Work to be completed: Below are records with pictures in them. Output exactly the lines from the one with "Ceremony for presenting state" through the one with "宿泊者が自由に使えるNo.3の共同リビング。日本茶の茶器が備え付けられている", both included, and leave every picture out; give only those lines.

Dataset content:

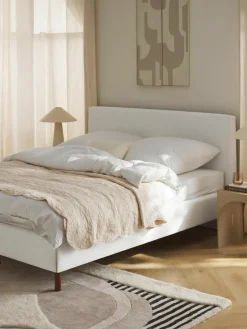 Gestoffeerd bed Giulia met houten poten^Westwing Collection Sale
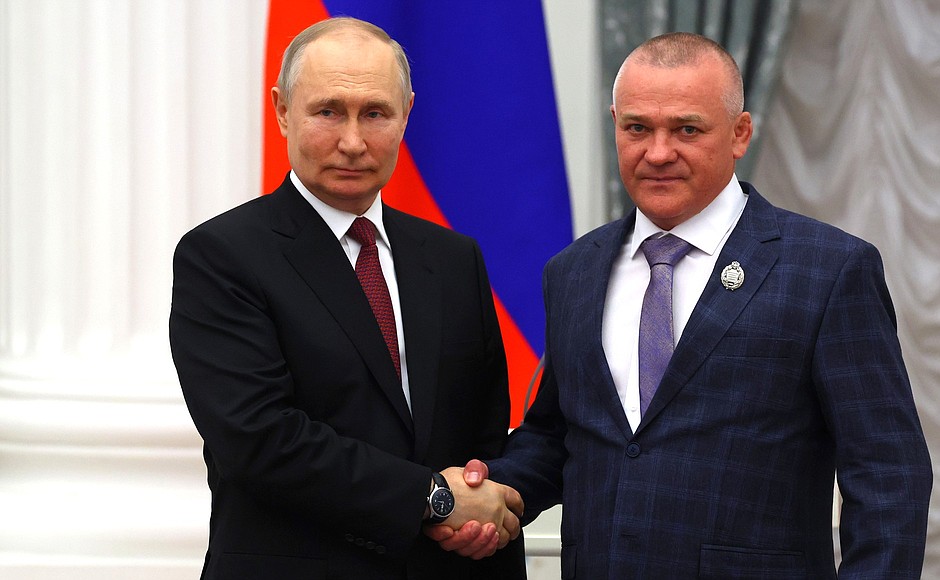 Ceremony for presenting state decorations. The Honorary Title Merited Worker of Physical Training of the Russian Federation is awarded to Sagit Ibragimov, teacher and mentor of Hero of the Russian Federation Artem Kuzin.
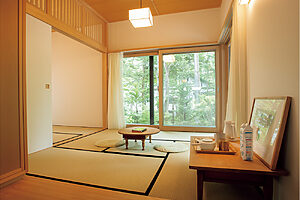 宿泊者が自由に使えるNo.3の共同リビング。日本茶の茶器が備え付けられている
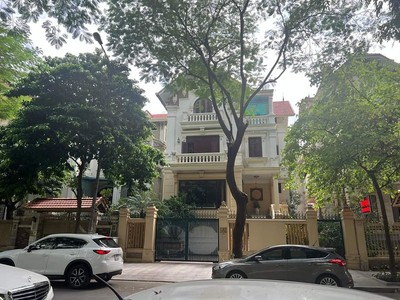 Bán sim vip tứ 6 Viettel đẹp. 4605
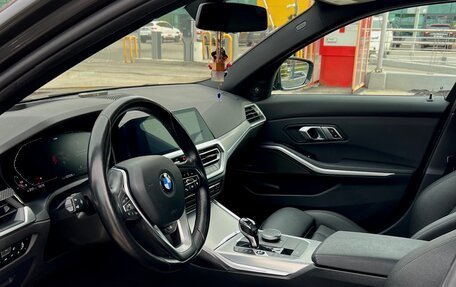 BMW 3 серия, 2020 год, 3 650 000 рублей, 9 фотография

* * *

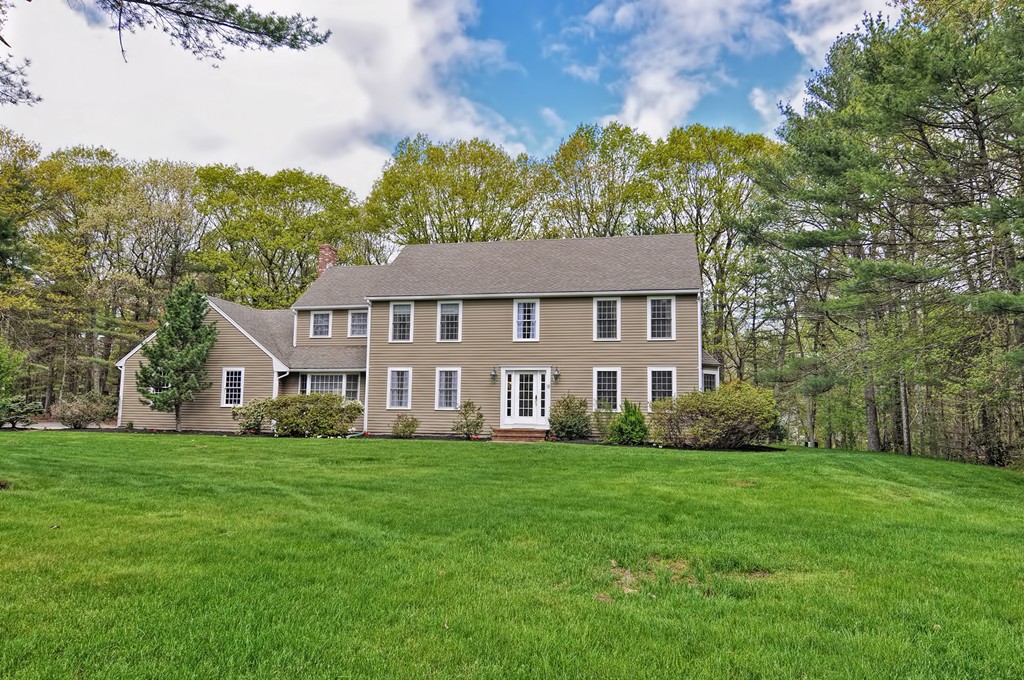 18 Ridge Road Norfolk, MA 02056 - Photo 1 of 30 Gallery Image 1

Written answer:
 Ceremony for presenting state decorations. The Honorary Title Merited Worker of Physical Training of the Russian Federation is awarded to Sagit Ibragimov, teacher and mentor of Hero of the Russian Federation Artem Kuzin.
 宿泊者が自由に使えるNo.3の共同リビング。日本茶の茶器が備え付けられている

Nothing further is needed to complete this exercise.